Ich weiß ja, dass hier viele auf Düngen stehen, aber bei uns wird lediglich die Koppel (dieses Jahr vergessen ) und evtl. noch das Gemüsebeet gedüngt.
Alles andere ist Selbstversorger.
Kommt natürlich auch auf den vorhandenen Boden an, aber im Vorgarten und im Hof ist der soo gut auch nicht, da per LKW gekommen.
Das Einzige, was meine Rosen Ende August/Anfang September bekommen, ist eine kleine Gabe Kali-Magnesia.

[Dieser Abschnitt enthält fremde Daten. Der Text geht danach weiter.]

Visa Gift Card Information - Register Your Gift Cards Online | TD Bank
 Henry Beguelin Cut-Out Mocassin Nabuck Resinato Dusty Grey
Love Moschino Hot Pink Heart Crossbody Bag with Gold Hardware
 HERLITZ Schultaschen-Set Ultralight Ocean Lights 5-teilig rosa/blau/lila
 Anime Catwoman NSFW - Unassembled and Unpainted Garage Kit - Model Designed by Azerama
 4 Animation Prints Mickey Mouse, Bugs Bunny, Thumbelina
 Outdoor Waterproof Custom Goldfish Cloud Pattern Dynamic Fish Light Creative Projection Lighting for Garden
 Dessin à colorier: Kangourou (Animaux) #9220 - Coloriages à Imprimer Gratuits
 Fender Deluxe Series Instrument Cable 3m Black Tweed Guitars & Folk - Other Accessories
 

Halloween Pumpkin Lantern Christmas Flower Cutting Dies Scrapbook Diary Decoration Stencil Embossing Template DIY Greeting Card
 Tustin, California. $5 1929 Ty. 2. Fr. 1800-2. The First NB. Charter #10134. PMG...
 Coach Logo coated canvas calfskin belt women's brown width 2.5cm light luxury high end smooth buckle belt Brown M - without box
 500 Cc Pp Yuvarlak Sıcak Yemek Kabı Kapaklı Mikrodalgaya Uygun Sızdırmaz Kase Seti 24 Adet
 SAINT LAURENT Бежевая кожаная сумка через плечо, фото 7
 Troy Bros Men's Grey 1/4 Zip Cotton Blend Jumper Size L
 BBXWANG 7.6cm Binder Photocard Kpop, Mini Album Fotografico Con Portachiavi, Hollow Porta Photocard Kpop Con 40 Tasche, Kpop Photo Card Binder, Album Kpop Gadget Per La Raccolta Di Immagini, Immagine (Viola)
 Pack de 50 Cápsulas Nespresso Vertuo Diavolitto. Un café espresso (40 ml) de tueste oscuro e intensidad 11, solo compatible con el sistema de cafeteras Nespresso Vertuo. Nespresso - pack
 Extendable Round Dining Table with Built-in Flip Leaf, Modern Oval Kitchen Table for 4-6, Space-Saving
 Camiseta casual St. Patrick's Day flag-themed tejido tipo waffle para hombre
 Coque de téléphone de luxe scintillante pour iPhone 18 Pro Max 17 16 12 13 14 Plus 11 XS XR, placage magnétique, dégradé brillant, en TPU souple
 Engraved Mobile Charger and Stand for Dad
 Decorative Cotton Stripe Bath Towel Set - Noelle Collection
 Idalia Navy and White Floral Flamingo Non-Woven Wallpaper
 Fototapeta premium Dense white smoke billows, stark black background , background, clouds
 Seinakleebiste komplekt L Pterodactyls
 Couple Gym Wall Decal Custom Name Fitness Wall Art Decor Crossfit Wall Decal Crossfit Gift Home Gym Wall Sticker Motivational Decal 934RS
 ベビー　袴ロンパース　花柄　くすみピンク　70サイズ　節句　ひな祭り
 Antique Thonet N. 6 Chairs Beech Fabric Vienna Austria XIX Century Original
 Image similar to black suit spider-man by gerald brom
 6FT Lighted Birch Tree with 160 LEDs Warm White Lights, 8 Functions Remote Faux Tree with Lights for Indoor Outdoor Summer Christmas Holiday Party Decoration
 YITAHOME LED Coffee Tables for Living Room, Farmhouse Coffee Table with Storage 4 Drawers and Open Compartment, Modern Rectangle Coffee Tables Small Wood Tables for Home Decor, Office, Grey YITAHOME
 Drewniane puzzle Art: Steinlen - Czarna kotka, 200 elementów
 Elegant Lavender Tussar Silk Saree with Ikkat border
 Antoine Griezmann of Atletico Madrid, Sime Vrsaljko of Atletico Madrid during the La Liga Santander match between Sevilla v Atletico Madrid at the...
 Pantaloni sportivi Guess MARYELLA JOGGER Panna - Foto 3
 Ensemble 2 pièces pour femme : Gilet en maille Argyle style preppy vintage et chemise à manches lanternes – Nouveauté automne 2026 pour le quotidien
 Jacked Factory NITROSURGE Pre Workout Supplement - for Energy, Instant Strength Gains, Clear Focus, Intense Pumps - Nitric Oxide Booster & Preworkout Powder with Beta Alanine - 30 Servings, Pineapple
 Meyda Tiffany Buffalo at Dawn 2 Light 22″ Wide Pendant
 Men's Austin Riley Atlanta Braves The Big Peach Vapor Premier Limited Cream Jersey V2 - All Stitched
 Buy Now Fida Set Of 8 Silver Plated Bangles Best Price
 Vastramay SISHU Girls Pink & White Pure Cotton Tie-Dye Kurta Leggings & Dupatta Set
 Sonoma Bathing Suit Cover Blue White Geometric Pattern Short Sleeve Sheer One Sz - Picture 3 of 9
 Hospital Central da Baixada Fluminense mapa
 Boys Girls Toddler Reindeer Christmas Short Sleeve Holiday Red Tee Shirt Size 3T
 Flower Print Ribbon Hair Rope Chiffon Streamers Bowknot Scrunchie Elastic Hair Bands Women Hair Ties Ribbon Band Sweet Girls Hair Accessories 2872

Das sorgt abgeblich für ein besseres Ausreifen der Triebe und damit eine verbesserte Winterfestigkeit.
Komisch  , mir hat es diesen Winter trotzdem 2-3 Rosen durch den Frost bis kurz vor Bodenhöhe "gekürzt". 
Soviel zum Thema Rosenhecke. 

Das letzte Deiner Bilder erinnert mich stark an den Schaden bei Jürgens Rose, welcher sich als Salz- = Düngeschaden herausstellte. 
https://www.hobby-gartenteich.de/xf/threads/17394/?q=rose



Hier mal unser (ungedüngtes) Rosenstämmchen. 
 
Meine stachelige, äußerst gesunde Lieblingsrose mußte dafür im Sommer 2007 einige Augen lassen, d.h. es war eine Auftragsveredelung. 
Im Herbst 2008 durfte ich sie endlich abholen und sie wächst bisher wie gewünscht. 
Bald wird sie nach unten überhängende Triebe voller Blüten haben - hoffe ich.

Irgendwann bekommt sie sicherlich auch noch eine schönere Stütze.


----------